Foram colhidos os vistos.

Conhecendo.
1- Objecto do recurso.
2- Licença de utilização.
3- Rendas.
4- Conclusões.
1 – Objecto do Recurso

A ora Recorrente culminou a sua contestação pedindo a anulação do contrato “por impossibilidade legal do objecto” restituindo-se-lhe tudo o que prestou; a condenação da Autora a indemnizá-la pela perda de clientela e “investimentos feitos no locado”; dispensa do pagamento de rendas “até à decisão judicial, ou até à obtenção da respectiva licença.”

Na 2.ª Vara Cível da Comarca de Lisboa foi declarado resolvido o arrendamento; as Rés condenadas no pagamento de rendas; e julgados improcedentes os pedidos de “declaração de nulidade do contrato de arrendamento e de indemnização à Ré.

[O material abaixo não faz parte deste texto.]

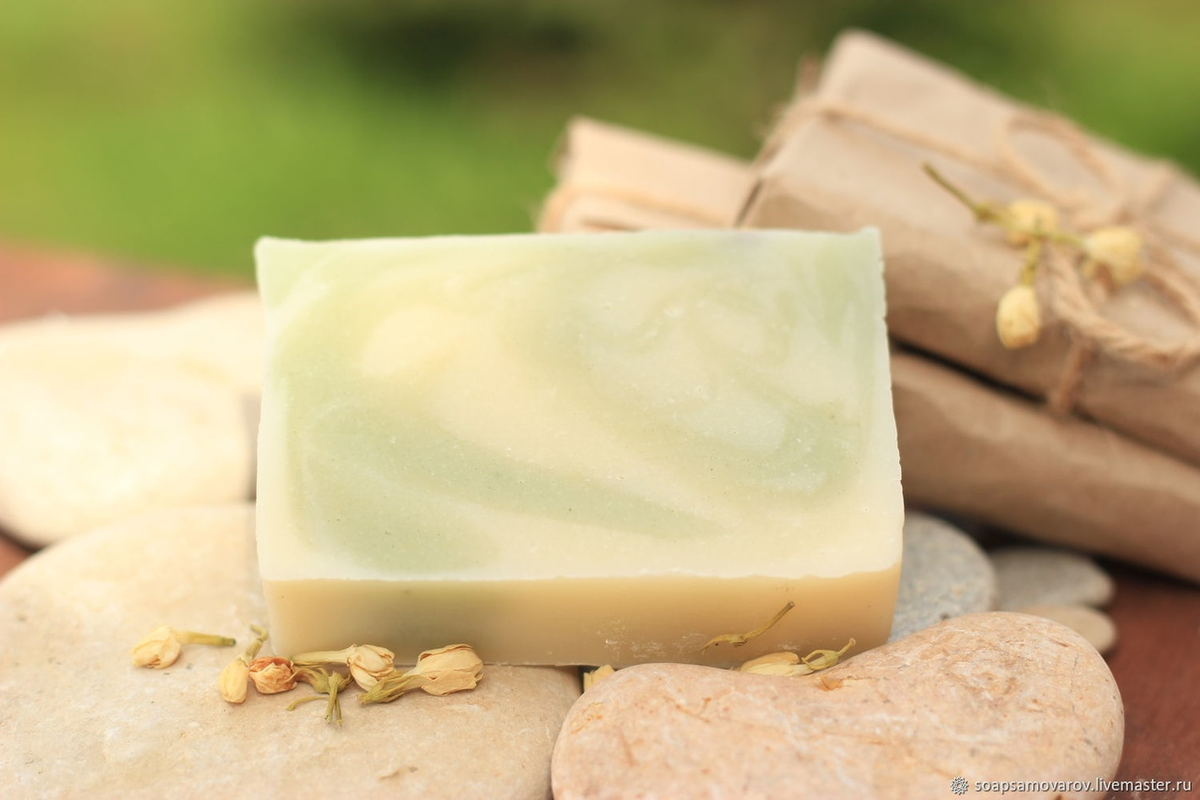 Натуральное оливковое мыло очень полезно для нашего тела и волос. Источник - Яндекс.Картинки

Nas conclusões da apelação a Ré afirmou a nulidade do contrato de arrendamento dizendo ser lícito o não pagamento das rendas e culminando pedindo “que julgue procedente o pedido formulado pela Ré.”

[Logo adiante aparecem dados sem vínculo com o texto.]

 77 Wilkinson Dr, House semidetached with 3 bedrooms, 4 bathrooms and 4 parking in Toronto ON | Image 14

A Relação negou provimento ao recurso remetendo para a sentença, nos termos do n.º 5 do artigo 713.º do Código de Processo Civil.

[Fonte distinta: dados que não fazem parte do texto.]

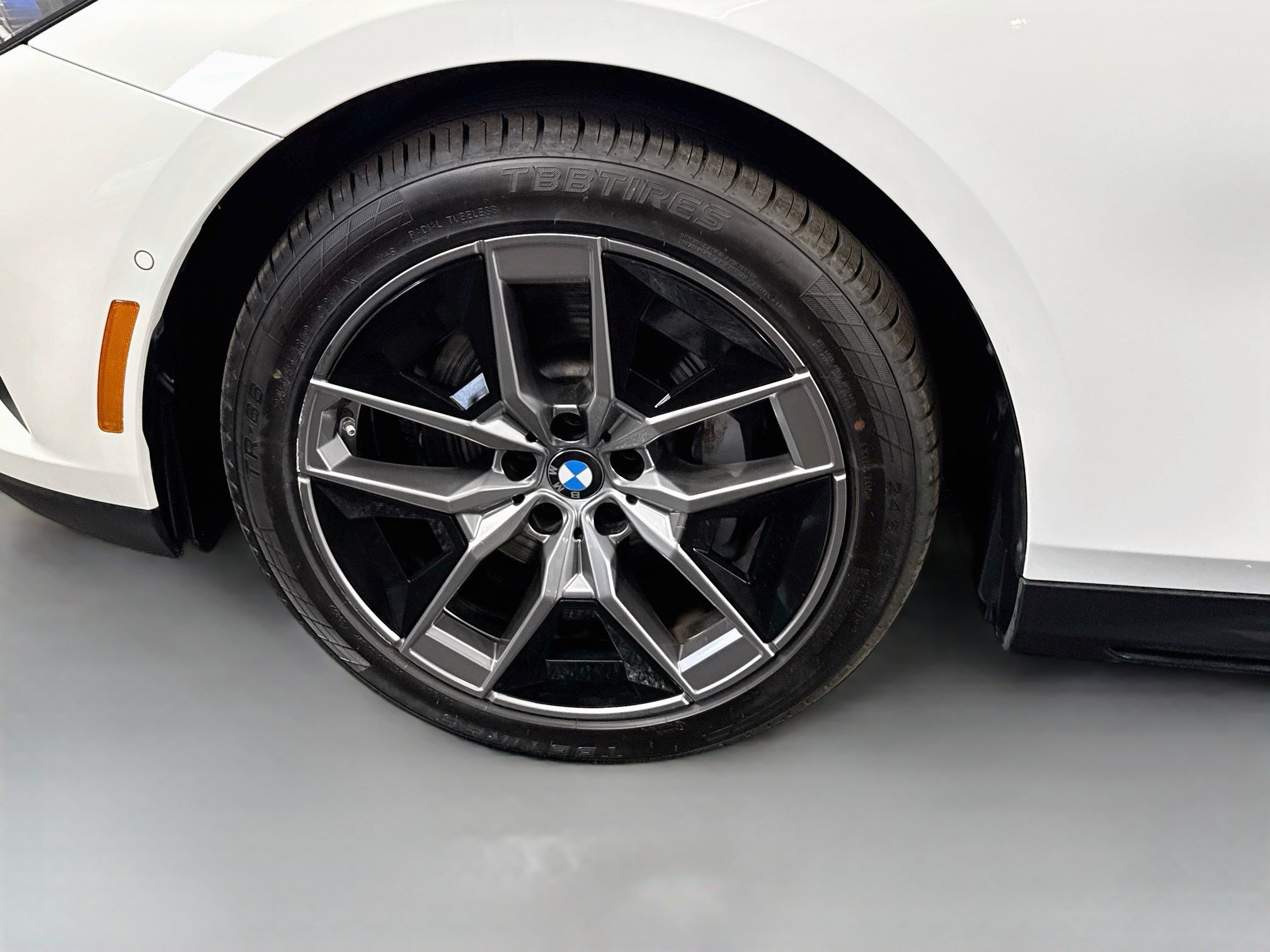 Used 2026 BMW 530i RWD image 38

Nas conclusões da revista, acima elencadas, a recorrente pede a “resolução do subarrendamento” por “incumprimento definitivo por parte da Autora”, afirma não lhe ser “exigível o pagamento da renda” e a final que se “julgue a acção improcedente e procedente o pedido reconvencional.”

Sendo o objecto do recurso limitado pelas conclusões da alegação, nos termos conjugados dos artigos 684.º, n.ºs 3 e 4 e 690.º, n.ºs 1 e 2 do Código de Processo Civil, certo é que tais proposições sintéticas não podem consistir na mera afirmação da procedência do pedido da recorrente, antes contendo todo um raciocínio lógico-juridico a contrariar as razões adoptadas no aresto posto em crise, sempre com as especificações do n.º 2 do citado artigo 690.º.

E se a recorrente assim procedeu quanto à invocação da nulidade do contrato e à não obrigação do pagamento de quaisquer quantias, a titulo de rendas, não alinhou quaisquer argumentos para contrariar o julgado no segmento indemnizatório pelos investimentos feitos e pela perda de clientela.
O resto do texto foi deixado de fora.